Gus Lamont mineshaft search continues as police double search force and heartbreaking theories revealed
New heartbreaking theories have emerged as police doubled their numbers in the mineshaft search for the four-year-old boy missing in the SA Outback.
Police will on Wednesday wind up their latest search for missing four-year-old Gus Lamont after finding nothing in a string of deserted mine shafts – but detectives aren’t ruling out returning.
It comes as one expert said the mineshaft search suggests authorities are “looking at possible intervention”.
Specialist officers spent 10 hours scouring six old shafts on Tuesday and the next day they were out again, this time searching on foot in the scrub around the family’s isolated homestead.

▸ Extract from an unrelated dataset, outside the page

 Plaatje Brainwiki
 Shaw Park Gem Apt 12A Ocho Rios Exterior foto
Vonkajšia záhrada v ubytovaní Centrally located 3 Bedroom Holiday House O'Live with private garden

The shafts, sitting between 5.5km and 12km from where Gus vanished, were searched without a single clue emerging.
Some were shallow enough to be inspected by eye.

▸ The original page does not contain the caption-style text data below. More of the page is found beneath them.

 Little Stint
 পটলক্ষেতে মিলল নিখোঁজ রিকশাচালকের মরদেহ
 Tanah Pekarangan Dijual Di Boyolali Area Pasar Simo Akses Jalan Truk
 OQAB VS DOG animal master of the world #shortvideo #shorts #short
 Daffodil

Others dropped as deep as 20 metres, forcing crews to lower specialist equipment into pitch-black holes.
On Wednesday, STAR Group officers and Task Force Horizon detectives walked rugged ground up to 10km northeast of the homestead, never searched before.
Police said those areas sit well beyond the 5.5km radius already subjected to exhaustive ground searches in earlier operations.

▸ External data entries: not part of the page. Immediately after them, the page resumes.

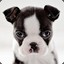 Boston_Terrier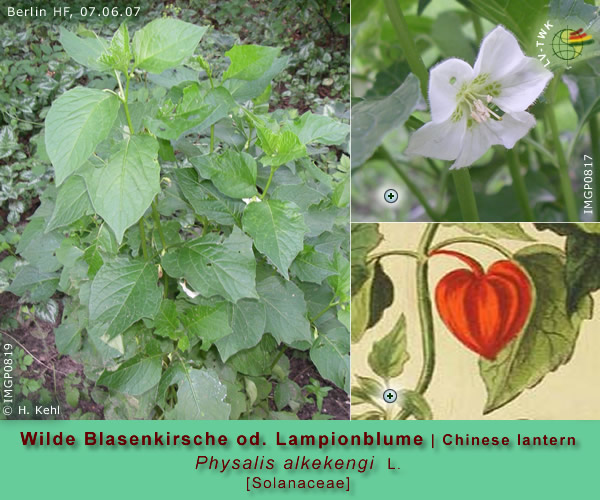 Physalis alkekengi L. (Wilde Blasenkirsche, Lampionblume, Judenkirsche / Chinese Lantern)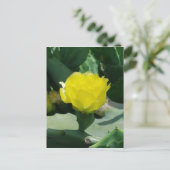 Cactus Bloom Briefkaart (Staand voorkant)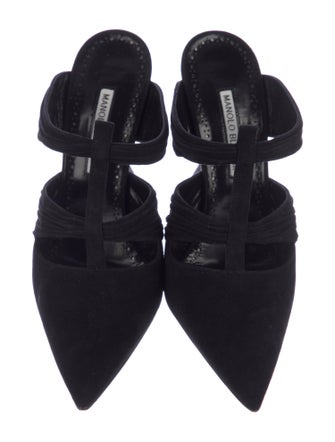 Manolo Blahnik Suede Mules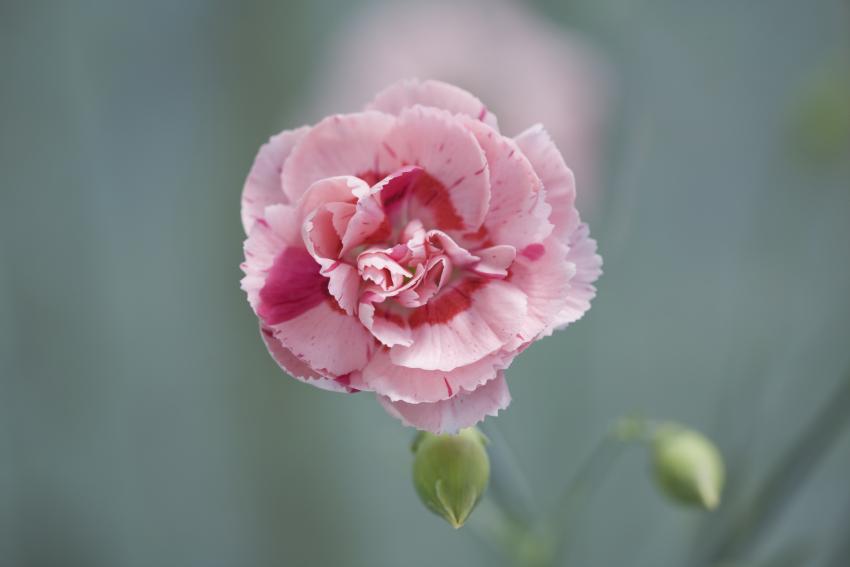 Meaning & Symbolism of Different Colors of Carnations LoveToKnow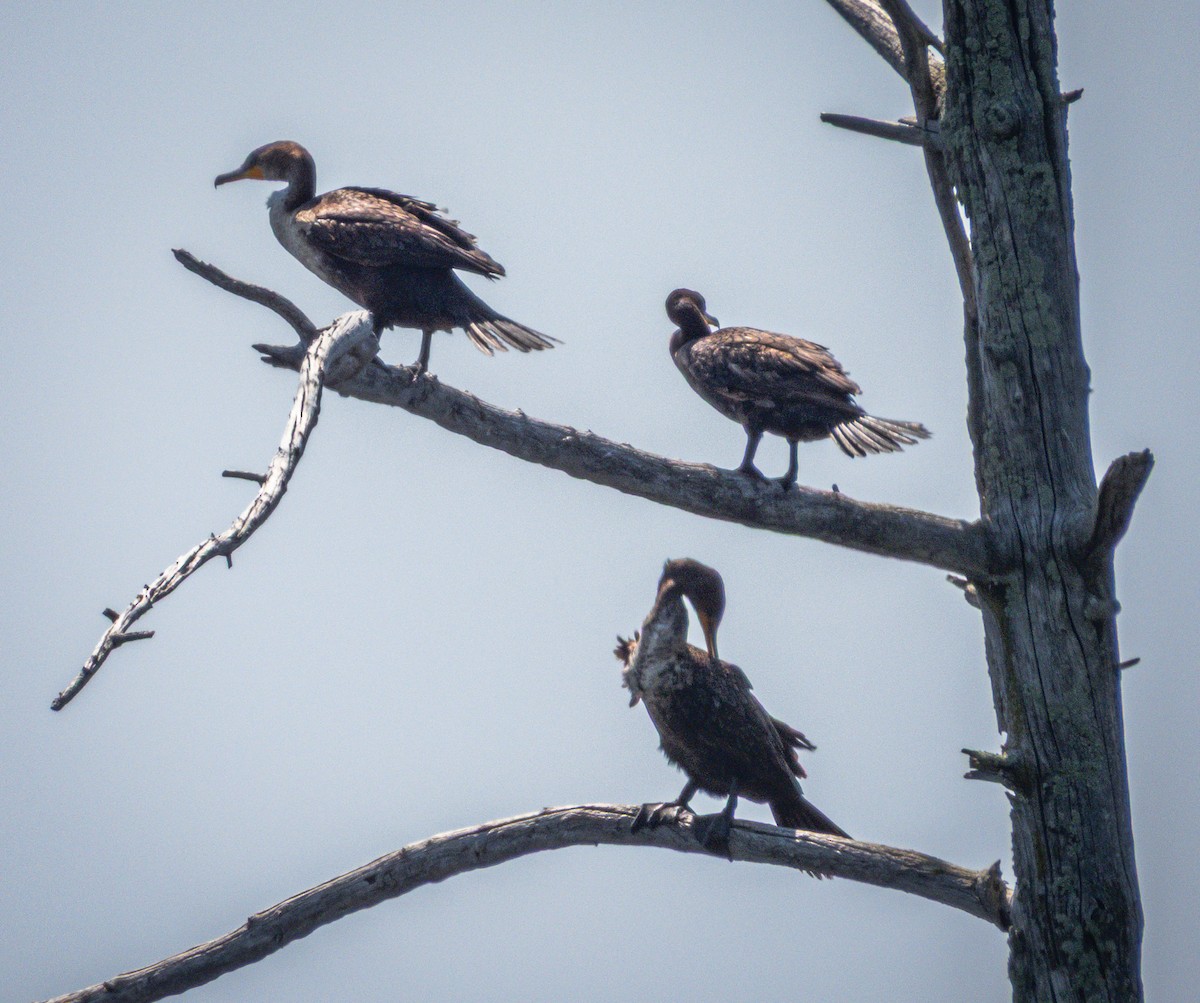 Double-crested Cormorant - ML635558045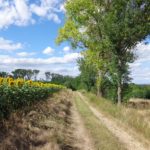 Wanderweg nach Sierndorf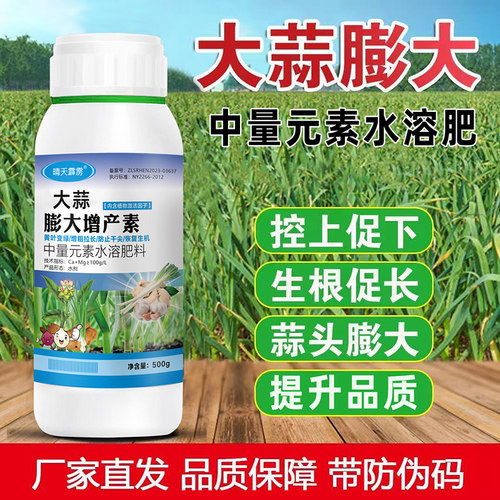 大蒜膨大素膨大剂大蒜地下膨大猛长抗病抗逆膨大生根壮苗水溶肥料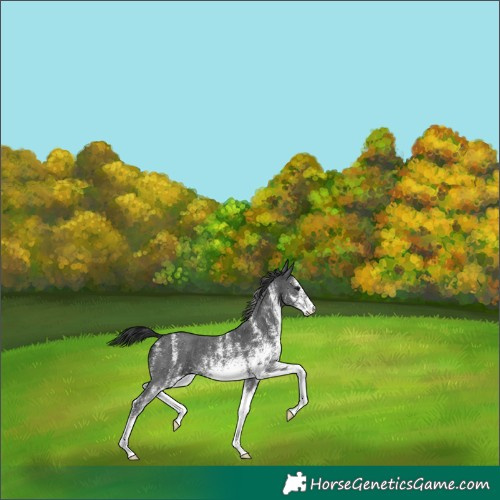 Horse Color:White Spotted Black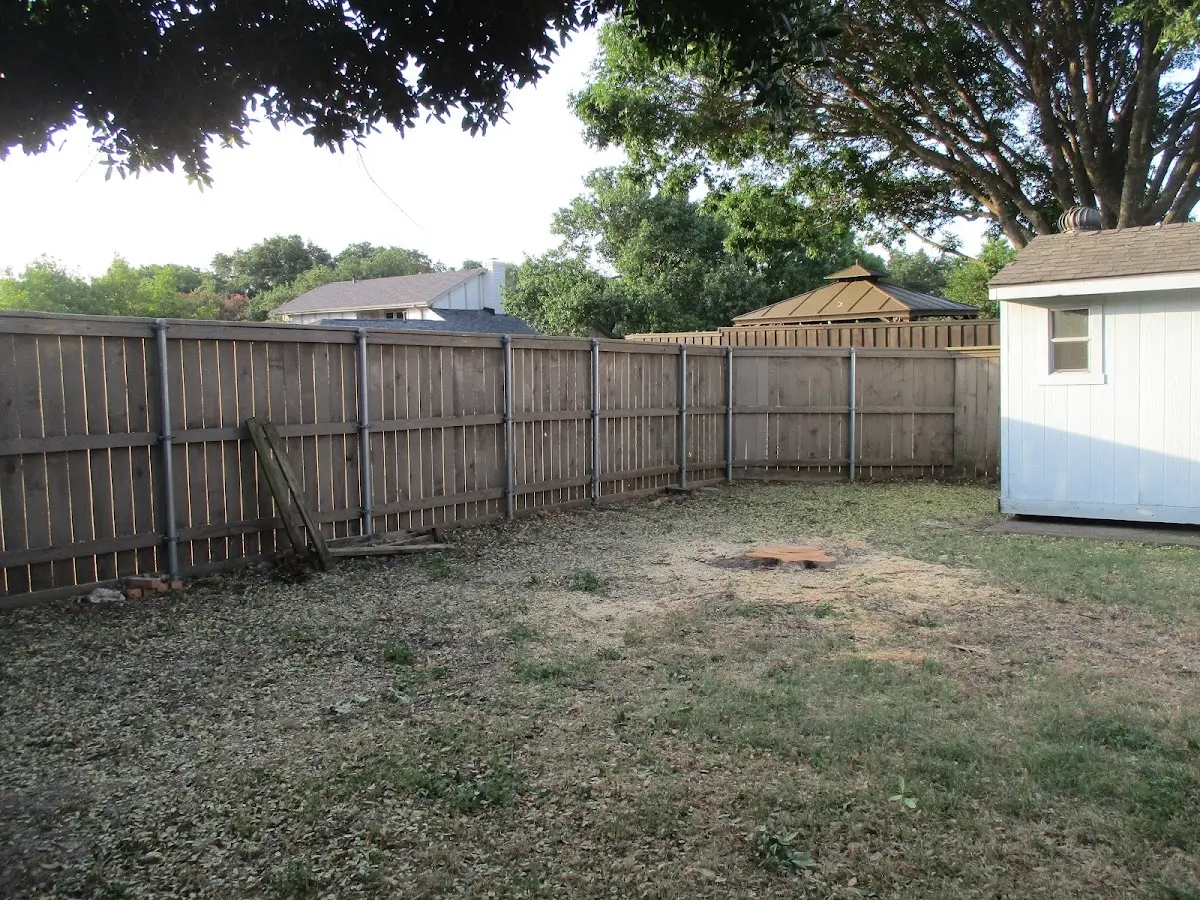 Cleared yard after professional tree removal in Driggs
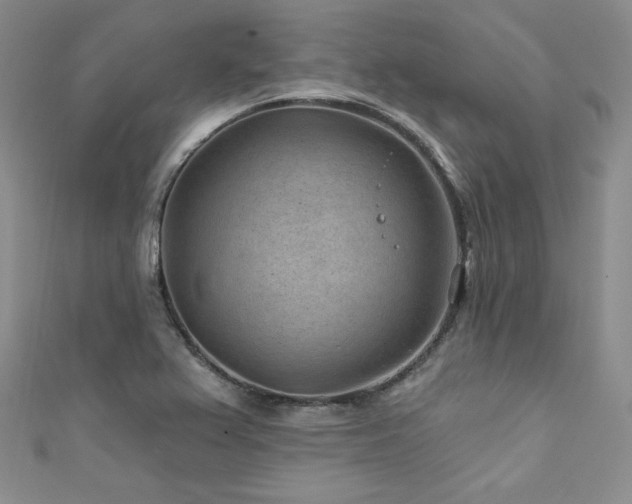 X0000111871367200907231504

Gus’ devastated family has been told there has been no breakthrough and is being supported by a victim contact officer.
Despite another heartbreaking setback, police have not ruled out returning to the property as the desperate search for Gus continues.
The search on Wednesday was almost double Tuesday’s turnout, when just four cars of officers spent 10 gruelling hours searching remote shafts without finding a trace of the four-year-old.
Former homicide detective Gary Jubelin, who spoke to the Today show and is not involved in the search, said the distance of the shafts shows police are keeping all possibilities open.
“I would suggest 60 days in, I think they would look back at all the information they’ve got and explore all opportunities,” he said.
“But the fact that they’re searching so far away from where Gus first disappeared suggests to me they’re looking at possible intervention.”
Criminologist Xanthe Mallett said she doubts investigators genuinely expect to find Gus in these shafts and believes they are simply “covering all bases”.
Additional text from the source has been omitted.